But the Stormers did win the trophy last year, so that is no longer a barrier that is needing crossing for the Cape team. Sometimes you need to lose a final to complete your rugby education and make you stronger, and in time that is how Stormers coach John Dobson is sure to look at it.

The images of Munster, Ireland and British and Irish Lions veterans Peter O’Mahony and Keith Earls in tears as they embraced each other as the emotion flooded out of them following their heroic 19-14 win in front of 56 000 fans that broke a 12 year trophy drought, portrayed the kind of drama and emotion that gives a competition traction.

It also showed how much the URC trophy means to the Munster players, and when they arrive back in Limerick they will see how much it means to their fans as big celebrations are being planned for their return.

The drama and the emotion and the elation that Munster coach Graham Rowntree admitted he felt was a great advert for a competition which before the arrival of the South African teams was often considered not competitive enough and too predictable.
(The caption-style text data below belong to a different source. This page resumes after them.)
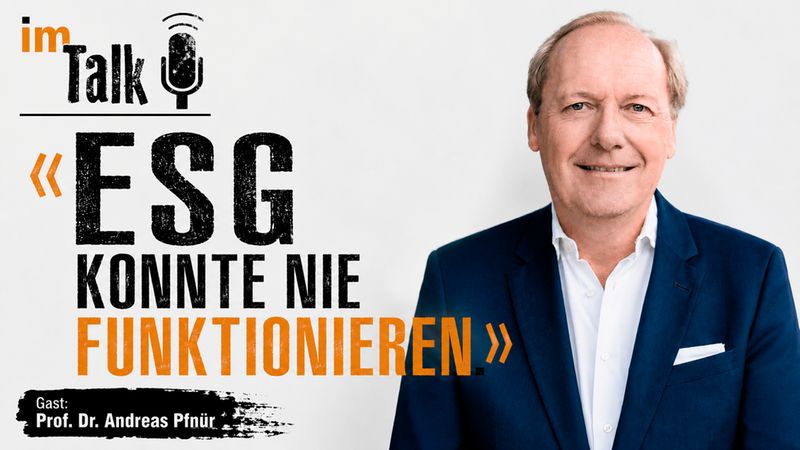 Podcast-Cover mit dem Porträt eines lächelnden Mannes im blauen Anzug rechts und großem, kontrastreichem Typografie-Schriftzug "ESG konnte nie funktionieren" links. Zusätzlich ist ein Mikrofon-Icon und der Hinweis "im Talk" zu sehen; unten links ein Gast-Hinweis auf schwarzem Pinselstrich. Farbgebung hauptsächlich schwarz, orange und weiß auf hellem Hintergrund.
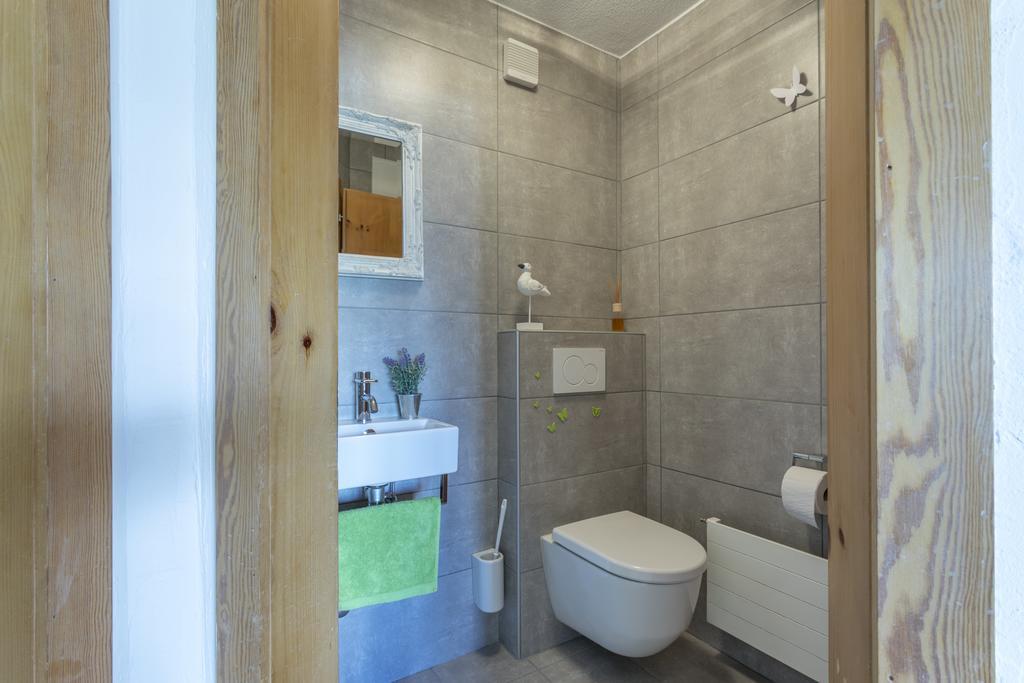Apartment Haus Arnika Obersaxen Extérieur photo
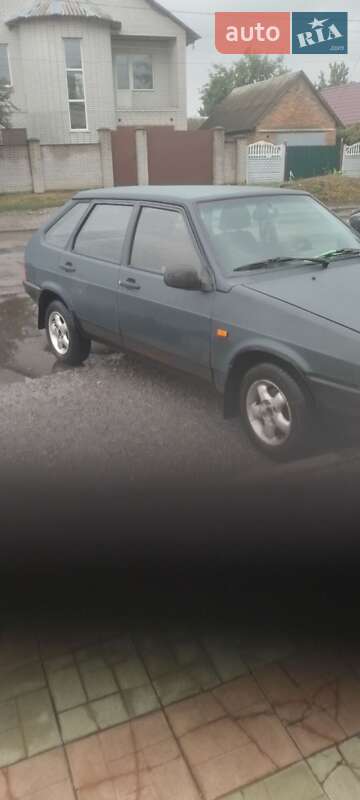 Хэтчбек ВАЗ / Lada 2109 2002 в Житомире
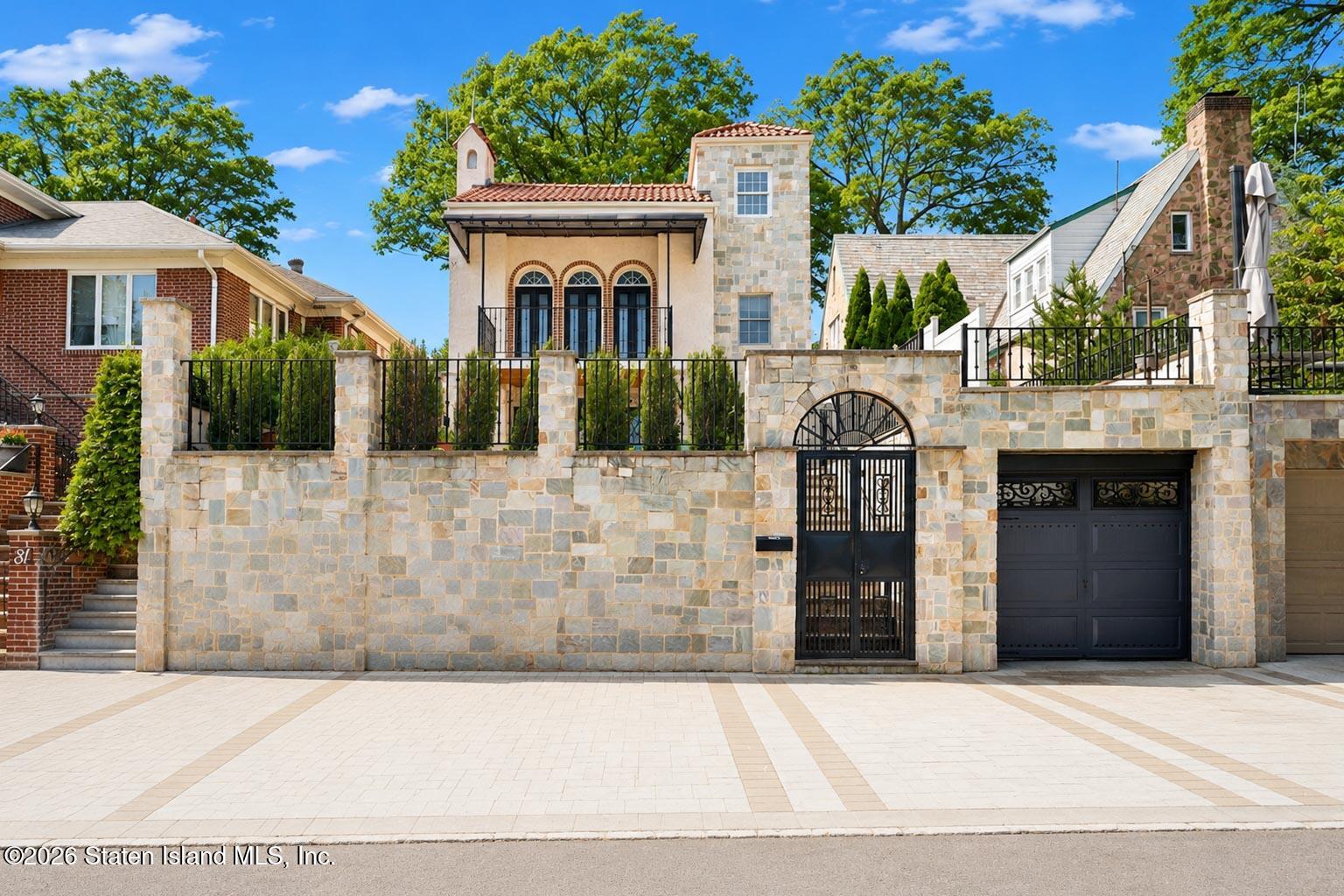 29 Leslie Avenue Image 1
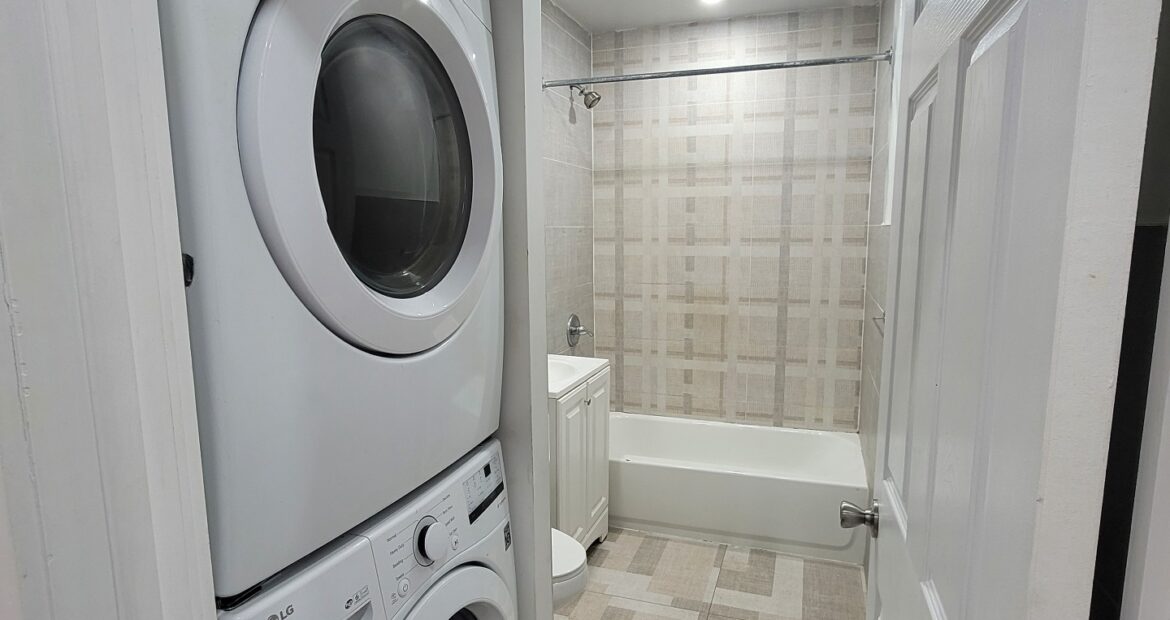 X LARGE__ 2 BED__5 MINUTES MANHATTAN__LARGE LIVING ROOM_PRIME LOCATION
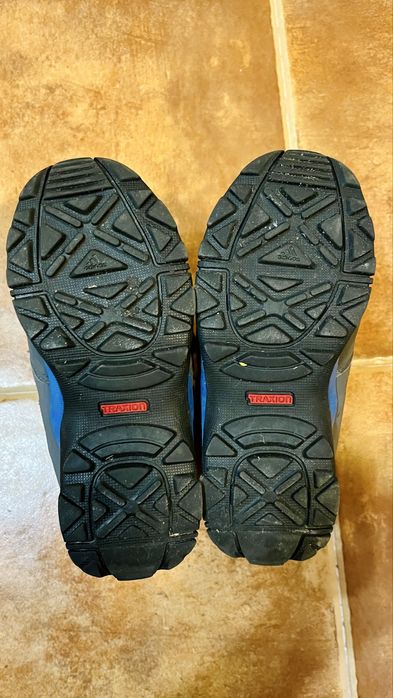 Детски обувки, маратонки с колела, апрески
Leinster were dominant and won four titles in a row in the last years it was known as the Guinness PRO14. The lack of a proper challenge from within Ireland was muting the edge to the intense rivalry between the Irish teams.

But that has changed now, with Leinster coaches, players and fans no doubt being given extra motivation to give the URC a full go next season after watching their arch-rivals celebrate a triumph that was set up by their win over Leinster at the Aviva Stadium in the Dublin semifinal.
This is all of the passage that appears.